Chi perde muore! Cosa è “Squid Game” e come parlarne con i nostri figli

La serie TV Squid Game che propone una società in cui i più disperati partecipano a dei giochi “mortali” per raggiungere premi e successo rischia di essere imitata dai ragazzi nella vita reale. Con conseguenze pericolose

Da qualche settimana è la serie televisiva più vista e discussa in assoluto: Squid Game. Partita in sordina, con l’ideatore, sceneggiatore e regista della serie che ha faticato a lungo prima di trovare qualcuno che accettasse di produrla, nel giro di un paio di mesi dall’uscita su Netflix è diventata, secondo i dati forniti dalla stessa società, la serie più vista in decine di Paesi. “Sarà senz’altro la nostra serie non in inglese di maggior successo” – sono le parole di Ted Sarandos, co-amministratore delegato di Netflix riportate da il Post – “E ci sono buone possibilità che diventi la nostra più grande serie di sempre”.
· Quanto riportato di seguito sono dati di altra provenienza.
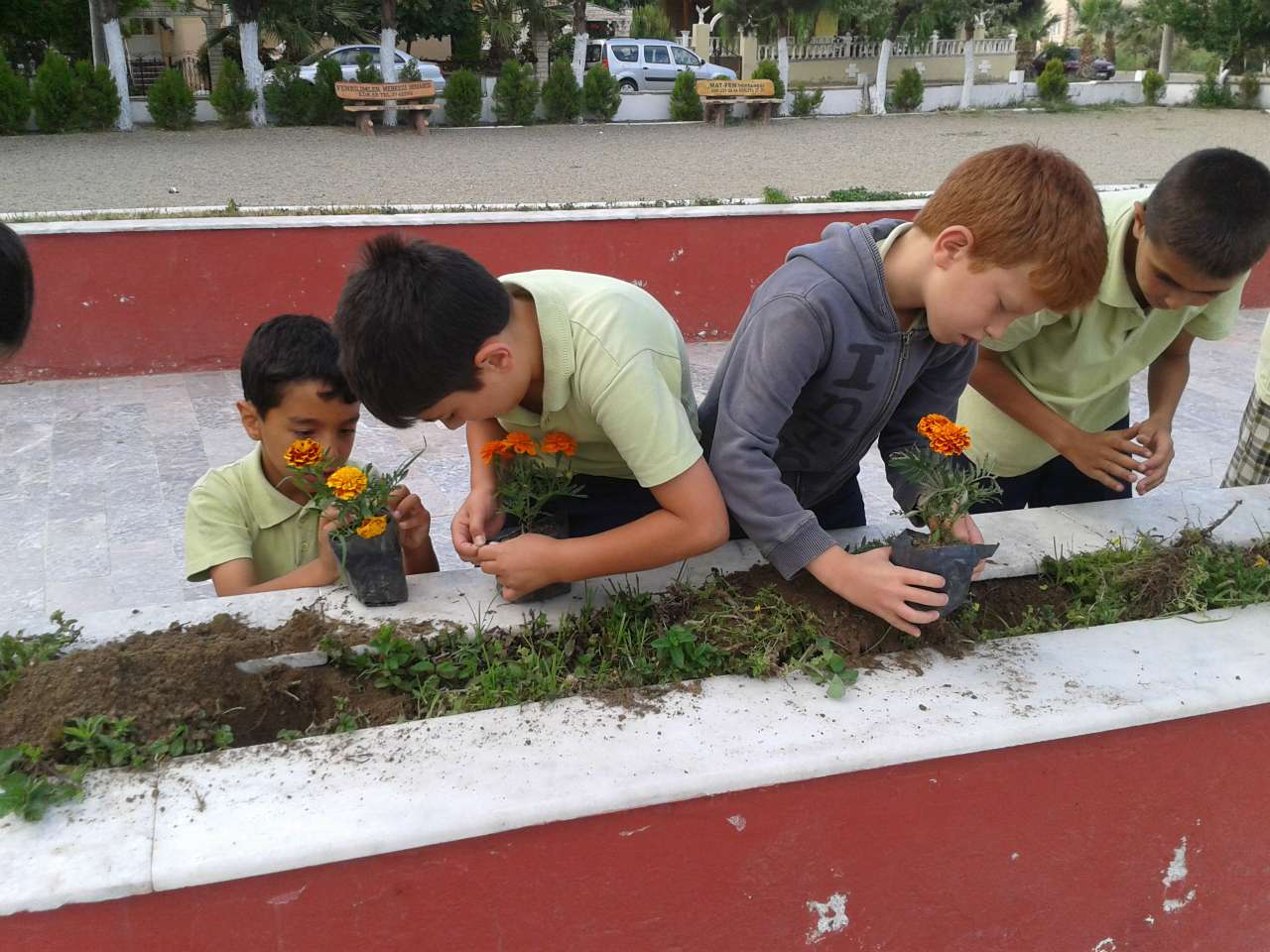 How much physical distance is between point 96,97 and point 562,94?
8.33m

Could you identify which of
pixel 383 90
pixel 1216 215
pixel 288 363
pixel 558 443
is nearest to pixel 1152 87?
pixel 383 90

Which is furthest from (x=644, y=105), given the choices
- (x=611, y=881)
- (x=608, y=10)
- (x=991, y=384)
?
(x=611, y=881)

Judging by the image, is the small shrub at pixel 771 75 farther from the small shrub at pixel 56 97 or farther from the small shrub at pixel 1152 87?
the small shrub at pixel 56 97

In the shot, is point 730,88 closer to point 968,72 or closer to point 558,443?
point 968,72

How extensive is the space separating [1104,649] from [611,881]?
0.98m

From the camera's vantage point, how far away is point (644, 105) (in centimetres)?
2205

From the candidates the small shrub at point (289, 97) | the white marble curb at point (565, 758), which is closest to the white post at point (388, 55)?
the small shrub at point (289, 97)

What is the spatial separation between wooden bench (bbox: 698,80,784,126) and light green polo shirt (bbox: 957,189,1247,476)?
62.9 ft

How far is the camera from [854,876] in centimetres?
151

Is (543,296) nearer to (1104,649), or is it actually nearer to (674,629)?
(674,629)

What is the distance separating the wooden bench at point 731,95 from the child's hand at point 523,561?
20214 millimetres

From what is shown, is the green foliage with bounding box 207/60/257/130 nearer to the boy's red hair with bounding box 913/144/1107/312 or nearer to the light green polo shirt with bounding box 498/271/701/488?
the light green polo shirt with bounding box 498/271/701/488

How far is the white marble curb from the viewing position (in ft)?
4.03

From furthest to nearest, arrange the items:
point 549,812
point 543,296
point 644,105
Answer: point 644,105
point 543,296
point 549,812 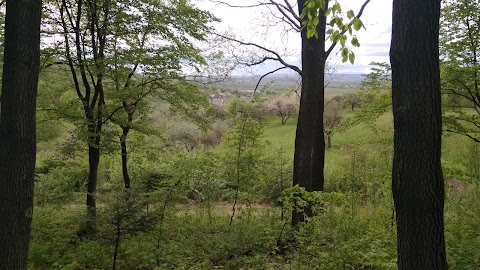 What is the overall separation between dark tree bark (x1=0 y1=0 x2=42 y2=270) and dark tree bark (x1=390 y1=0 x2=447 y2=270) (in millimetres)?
3434

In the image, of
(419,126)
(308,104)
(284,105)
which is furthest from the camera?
(284,105)

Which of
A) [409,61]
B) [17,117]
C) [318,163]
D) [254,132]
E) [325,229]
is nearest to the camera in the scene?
[409,61]

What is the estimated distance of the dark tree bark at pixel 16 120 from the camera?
11.5 feet

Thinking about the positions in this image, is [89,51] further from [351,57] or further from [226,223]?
[351,57]

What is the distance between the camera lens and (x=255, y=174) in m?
9.33

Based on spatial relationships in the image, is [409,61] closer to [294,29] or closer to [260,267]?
[260,267]

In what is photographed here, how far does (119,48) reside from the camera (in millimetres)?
8492

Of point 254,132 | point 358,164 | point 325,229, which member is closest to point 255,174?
point 254,132

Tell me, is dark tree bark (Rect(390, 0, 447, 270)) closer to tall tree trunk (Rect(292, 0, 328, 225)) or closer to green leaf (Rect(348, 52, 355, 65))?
green leaf (Rect(348, 52, 355, 65))

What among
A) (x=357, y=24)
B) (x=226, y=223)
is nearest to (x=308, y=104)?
(x=357, y=24)

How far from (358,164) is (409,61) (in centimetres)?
993

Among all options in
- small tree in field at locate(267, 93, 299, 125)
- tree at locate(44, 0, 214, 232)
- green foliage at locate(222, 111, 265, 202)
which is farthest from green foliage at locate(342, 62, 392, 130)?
small tree in field at locate(267, 93, 299, 125)

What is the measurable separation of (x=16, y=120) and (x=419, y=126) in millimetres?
3675

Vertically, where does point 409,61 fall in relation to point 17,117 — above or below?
above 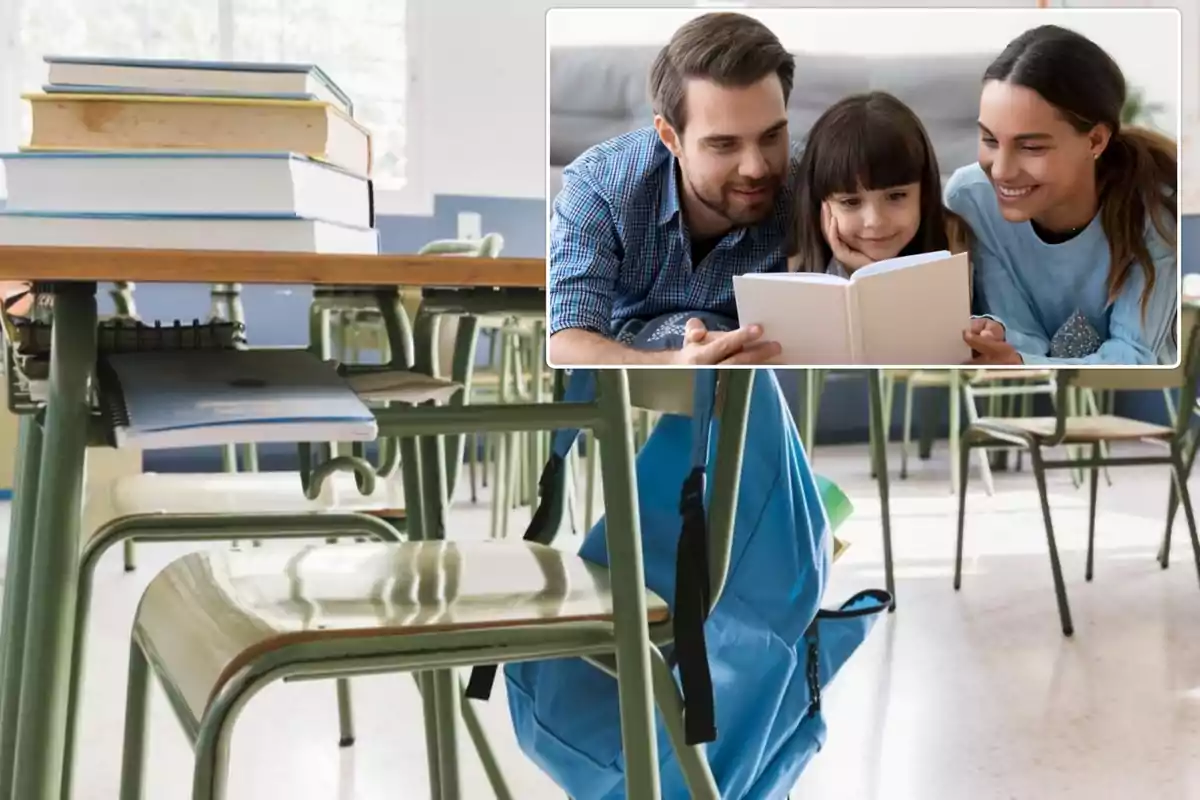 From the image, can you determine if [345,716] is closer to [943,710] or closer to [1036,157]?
[943,710]

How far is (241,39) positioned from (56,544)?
4234mm

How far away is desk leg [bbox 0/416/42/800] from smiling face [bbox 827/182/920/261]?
0.69 metres

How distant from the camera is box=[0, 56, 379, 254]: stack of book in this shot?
670mm

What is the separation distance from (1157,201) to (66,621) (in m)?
0.60

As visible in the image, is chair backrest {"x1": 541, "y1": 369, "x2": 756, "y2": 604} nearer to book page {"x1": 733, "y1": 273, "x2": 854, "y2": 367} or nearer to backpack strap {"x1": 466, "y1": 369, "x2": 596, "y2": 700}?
backpack strap {"x1": 466, "y1": 369, "x2": 596, "y2": 700}

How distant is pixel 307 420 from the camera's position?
25.7 inches

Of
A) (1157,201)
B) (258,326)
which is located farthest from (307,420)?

Squid Game: il pericolo di una serie distopica in cui chi perde un gioco muore

Con la stessa velocità del successo di visualizzazioni, però, sono cresciute anche le perplessità e le discussioni sui potenziali danni verso i più giovani di una serie in cui la crudeltà e la mancanza di empatia sono elementi essenziali.
Per chi ancora non lo sapesse, sintetizzando al massimo la trama, Squid Game propone una società in cui i più disperati accettano di affrontare una serie di “giochi” che mettono in palio cospicue vincite in denaro. La controindicazione? Chi perde muore. E quasi sempre in maniera piuttosto cruenta.
La serie teoricamente è vietata ai minori di 14 anni, ma aggirare questi limiti è cosa “normale” per i ragazzi, che hanno accesso a spezzoni di contenuti anche solo attraverso i social o le chat con gli amici. Il risultato è un allarme che da generalizzato si è fatto più concreto in alcune scuole. A Roma, per esempio, come riportato dal Messaggero, sono apparsi dei bigliettini con i simboli della serie TV e l’invito a chiamare un numero di telefono. Non c’è voluto molto per capire che si trattava di una trovata pubblicitaria, piuttosto discutibile, di un’agenzia immobiliare, ma l’effetto sui ragazzini è stato quello di “portare” la finzione della serie tv ancora di più nella realtà.
In un’altra scuola della capitale, la preside suor Alberta ha subito scritto ai genitori dopo aver visto i suoi studenti fare il “gioco del calamaro”, ovvero una delle prove più violente che si vedono nella serie, con annesse botte per chi perdeva. L’invito del suo messaggio è quello di stare attenti ai contenuti cui accedono i ragazzi. Sempre riportando l’articolo del Messaggero, lei, che Squid Game non l’ha mai vista, scrive così: “Mi dicono sia una seria crudele e cinica, tutto quel che proprio non serve ai nostri ragazzi, bambini che hanno paura di tante cose e rischiano di sentirsi forti in questi mondi inesistenti”.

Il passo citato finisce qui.